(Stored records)
------------------------------------------------------------
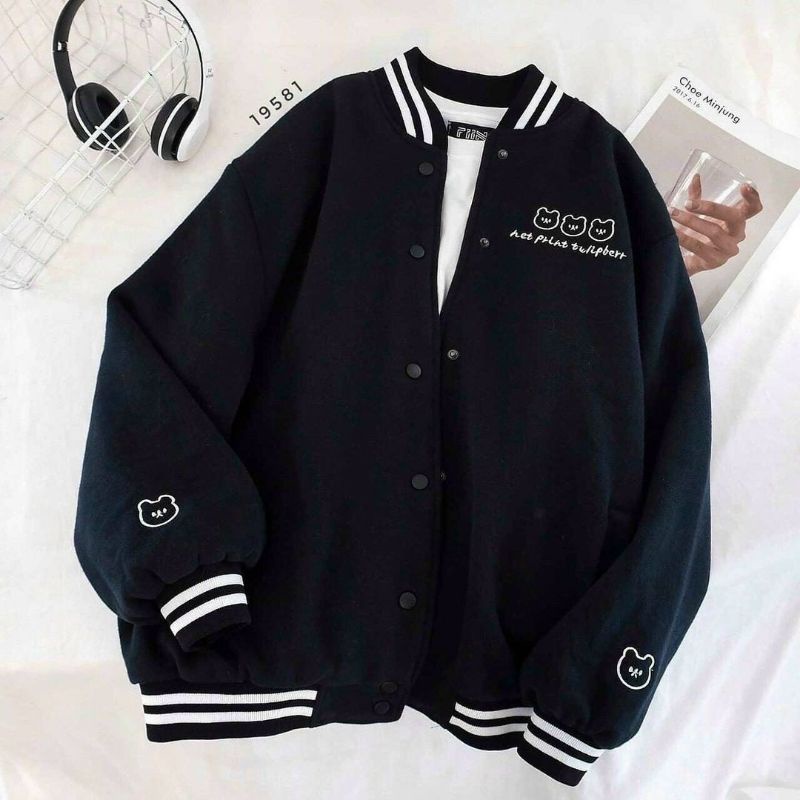 Xxl Bordier Jaket  Baseball Oversize Wanita Net Print | Sweater Jacket Varsity Wanita Oversize Korean Style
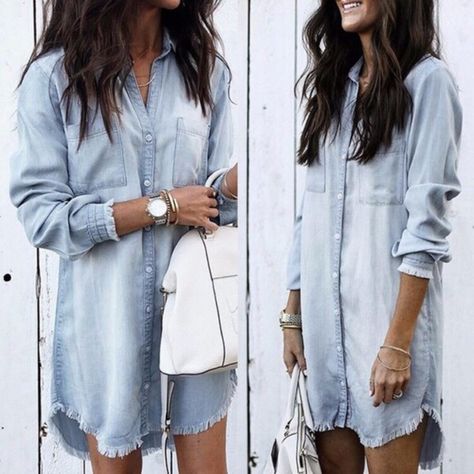 Denim shirt dress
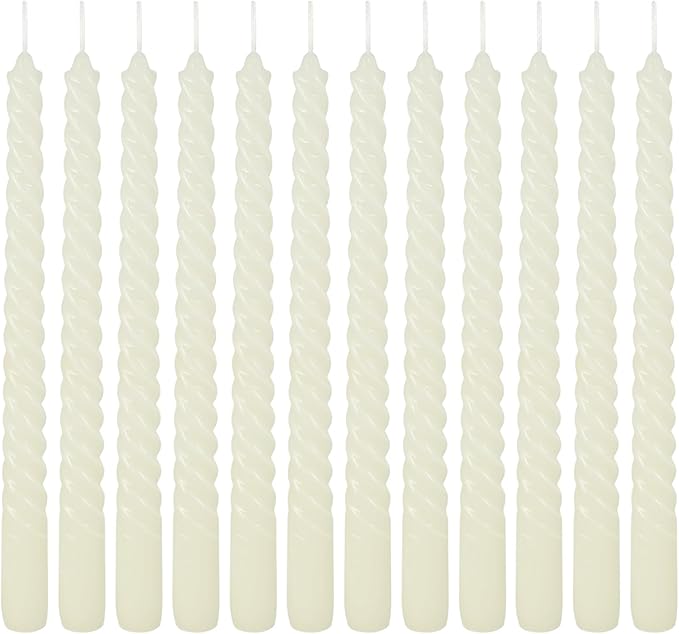 12 Pack 10 inch Ivory Spiral Taper Candles - Dripless, Smokeless, Unscented - 7 Hour Long Burning - Hand Poured Tall Candlesticks - Perfect for Dinner,Party,Wedding and Home Decoration.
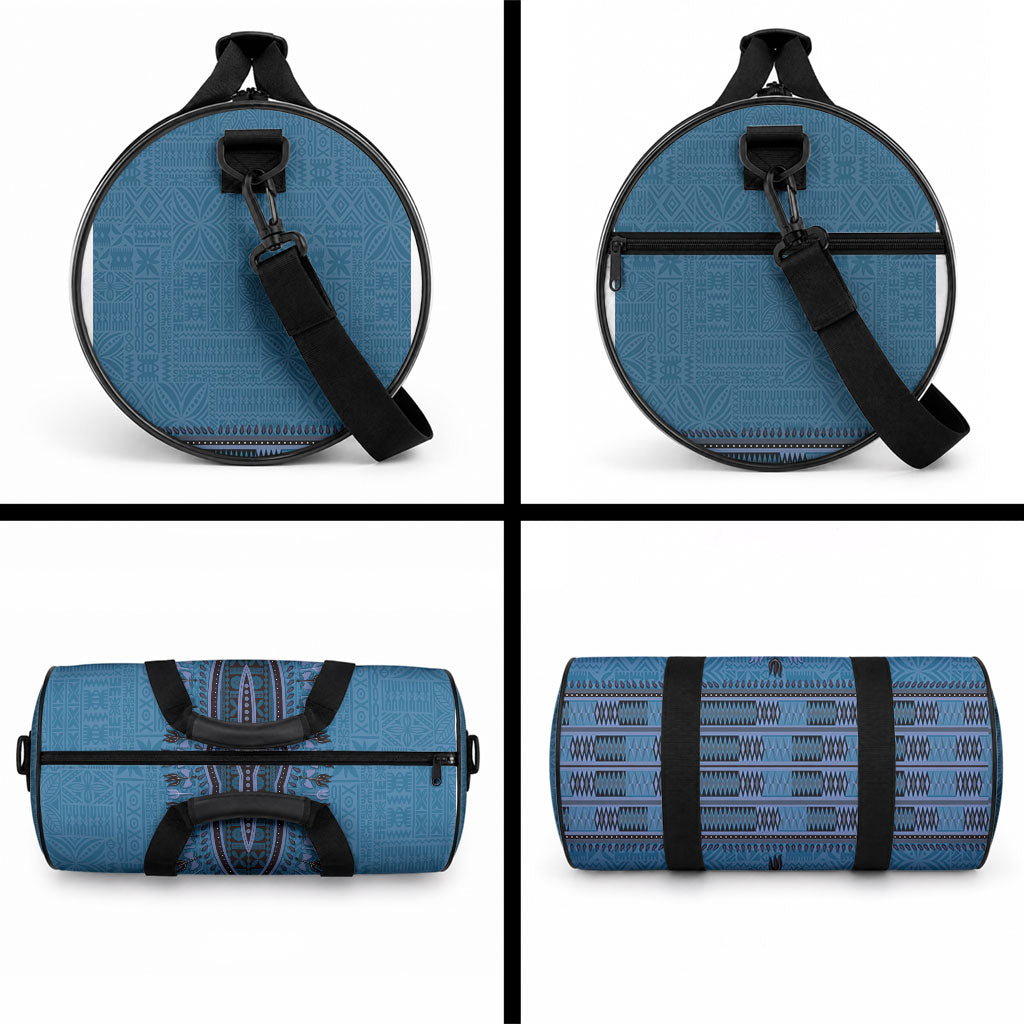 Blue African Dashiki With Fijian Tapa Pattern Duffle Bag LT14 - Polynesian Pride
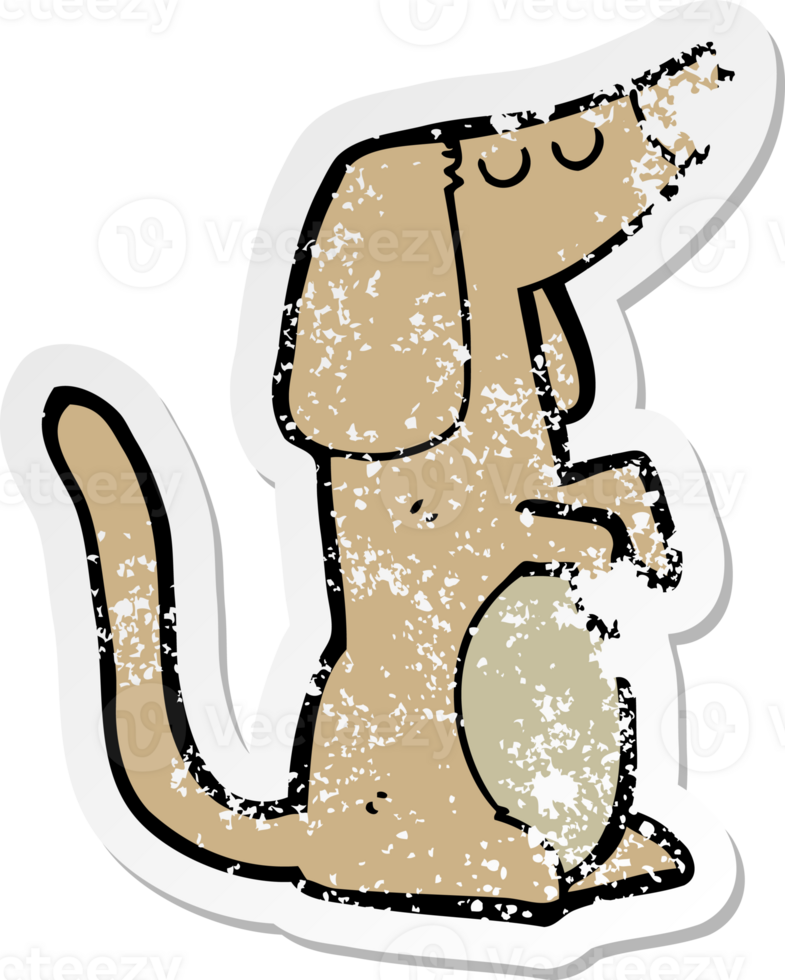 distressed sticker of a cartoon dog png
------------------------------------------------------------
**PROBLEM DESCRIPTION**
Transcribe the records above exactly, excluding every picture.

**ANSWER FOR THIS EXERCISE**
 Xxl Bordier Jaket  Baseball Oversize Wanita Net Print | Sweater Jacket Varsity Wanita Oversize Korean Style
 Denim shirt dress
 12 Pack 10 inch Ivory Spiral Taper Candles - Dripless, Smokeless, Unscented - 7 Hour Long Burning - Hand Poured Tall Candlesticks - Perfect for Dinner,Party,Wedding and Home Decoration.
 Blue African Dashiki With Fijian Tapa Pattern Duffle Bag LT14 - Polynesian Pride
 distressed sticker of a cartoon dog png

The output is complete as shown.